What the exercise asks: Each line of the material that mentions the word "para" is to be copied.

- - - - -

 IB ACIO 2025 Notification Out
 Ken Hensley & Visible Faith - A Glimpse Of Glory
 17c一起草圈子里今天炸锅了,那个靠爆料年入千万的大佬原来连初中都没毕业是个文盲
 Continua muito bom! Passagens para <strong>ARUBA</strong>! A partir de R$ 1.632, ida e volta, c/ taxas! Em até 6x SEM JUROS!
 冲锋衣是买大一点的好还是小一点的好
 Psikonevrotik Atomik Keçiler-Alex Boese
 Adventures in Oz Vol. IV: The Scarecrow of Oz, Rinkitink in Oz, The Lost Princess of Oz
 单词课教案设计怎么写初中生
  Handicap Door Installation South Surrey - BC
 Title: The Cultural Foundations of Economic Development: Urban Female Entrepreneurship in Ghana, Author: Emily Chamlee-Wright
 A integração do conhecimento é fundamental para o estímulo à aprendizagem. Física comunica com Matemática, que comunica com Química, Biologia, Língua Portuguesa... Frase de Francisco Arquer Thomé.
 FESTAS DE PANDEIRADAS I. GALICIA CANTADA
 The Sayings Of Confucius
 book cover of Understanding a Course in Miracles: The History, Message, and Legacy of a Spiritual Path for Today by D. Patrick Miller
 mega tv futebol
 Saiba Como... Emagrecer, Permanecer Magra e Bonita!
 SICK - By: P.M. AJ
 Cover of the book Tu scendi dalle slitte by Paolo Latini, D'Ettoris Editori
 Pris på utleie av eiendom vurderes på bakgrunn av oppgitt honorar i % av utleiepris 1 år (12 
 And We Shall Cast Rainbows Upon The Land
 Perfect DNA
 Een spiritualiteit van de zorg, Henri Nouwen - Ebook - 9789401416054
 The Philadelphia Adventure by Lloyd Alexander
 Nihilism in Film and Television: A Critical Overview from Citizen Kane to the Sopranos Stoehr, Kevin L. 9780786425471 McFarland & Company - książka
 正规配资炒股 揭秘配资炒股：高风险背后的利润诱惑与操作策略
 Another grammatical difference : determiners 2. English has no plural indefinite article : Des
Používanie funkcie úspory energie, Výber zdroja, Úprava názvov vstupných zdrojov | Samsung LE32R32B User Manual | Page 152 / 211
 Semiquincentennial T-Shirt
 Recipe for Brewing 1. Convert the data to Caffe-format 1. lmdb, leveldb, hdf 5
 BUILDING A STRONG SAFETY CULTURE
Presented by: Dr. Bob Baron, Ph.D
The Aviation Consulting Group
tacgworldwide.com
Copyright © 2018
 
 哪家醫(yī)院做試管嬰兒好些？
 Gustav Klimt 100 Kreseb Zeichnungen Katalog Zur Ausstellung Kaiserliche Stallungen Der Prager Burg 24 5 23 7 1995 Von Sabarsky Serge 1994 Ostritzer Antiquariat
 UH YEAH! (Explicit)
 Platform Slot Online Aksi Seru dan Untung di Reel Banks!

- - - - -

Reply to the task:
 Continua muito bom! Passagens para <strong>ARUBA</strong>! A partir de R$ 1.632, ida e volta, c/ taxas! Em até 6x SEM JUROS!
 A integração do conhecimento é fundamental para o estímulo à aprendizagem. Física comunica com Matemática, que comunica com Química, Biologia, Língua Portuguesa... Frase de Francisco Arquer Thomé.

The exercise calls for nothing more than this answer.